Translating from English to Spanish.
It´s a Norwegian who wrote the text, he doesn´t write that good and then I stumble upon this:

The marked share of Company X is for the same period shows a relatively small reduction from 29 % in 2004 to 26 % in 2006. Company Y has been the main looser going from above 51 % in 2004 to 30 % marked share in 2006.


I would erase that first "is" - but then... marked share?

Already googled for it and found it just once, again, in a document written by a Norwegian. If any Norwegian here... is it some direct translation?

Please some help with it!

Thanks!


----------



## germinal

MetalMarianne said:


> Translating from English to Spanish.
> It´s a Norwegian who wrote the text, he doesn´t write that good and then I stumble upon this:
> 
> The marked share of Company X is for the same period shows a relatively small reduction from 29 % in 2004 to 26 % in 2006. Company Y has been the main looser going from above 51 % in 2004 to 30 % marked share in 2006.
> 
> 
> I would erase that first "is" - but then... marked share?
> 
> Already googled for it and found it just once, again, in a document written by a Norwegian.
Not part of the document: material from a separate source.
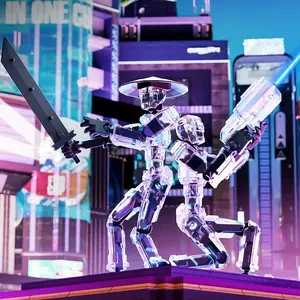 Transparent Trendy 3D Printed Jointed Dummy Action Figure Soldier Assembly Toy, Figures with Multiple Movable Joints, Wings and Clav for Spring Glow Up skylanders toy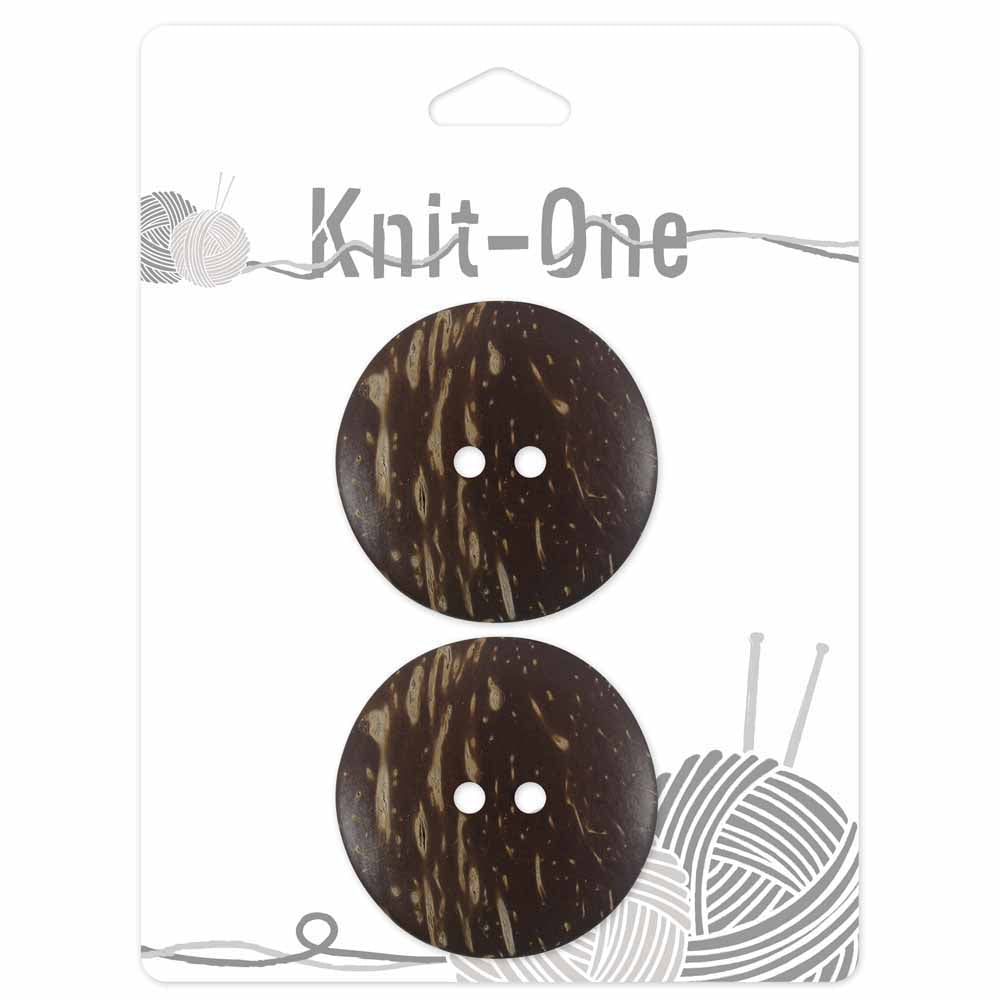 KNIT ONE 2 Hole Coconut Button - 38mm (1.5") - Brown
If any Norwegian here... is it some direct translation?
> 
> Please some help with it!
> 
> Thanks!


 
Perhaps this should be market share, i.e. the share of the total market achieved by a company.  

.


----------



## abeltio

Got to be markeT


----------



## Iararo

Market share: participación de mercado


----------



## nsv

- because 'marked' is the norweigan word for the english 'market'


----------



## megane_wang

... then market share: *cuota de mercado *


----------



## Iararo

In Argentina we say "participación de mercado", not cuota


----------



## megane_wang

Ok, then, Iararo.

Let's let others know that _in Spain_ we say *Cuota de mercado *and let the readers decide what is appropriate for their target audience.

Saludos


----------



## MetalMarianne

nsv said:


> - because 'marked' is the norweigan word for the english 'market'




Thanks nsv for confirming what I suspected.


----------



## MetalMarianne

In Chile we would also say "participación de mercado", being "cuota de mercado" also understandable but little weird to the average reader.

Thanks to you all!


----------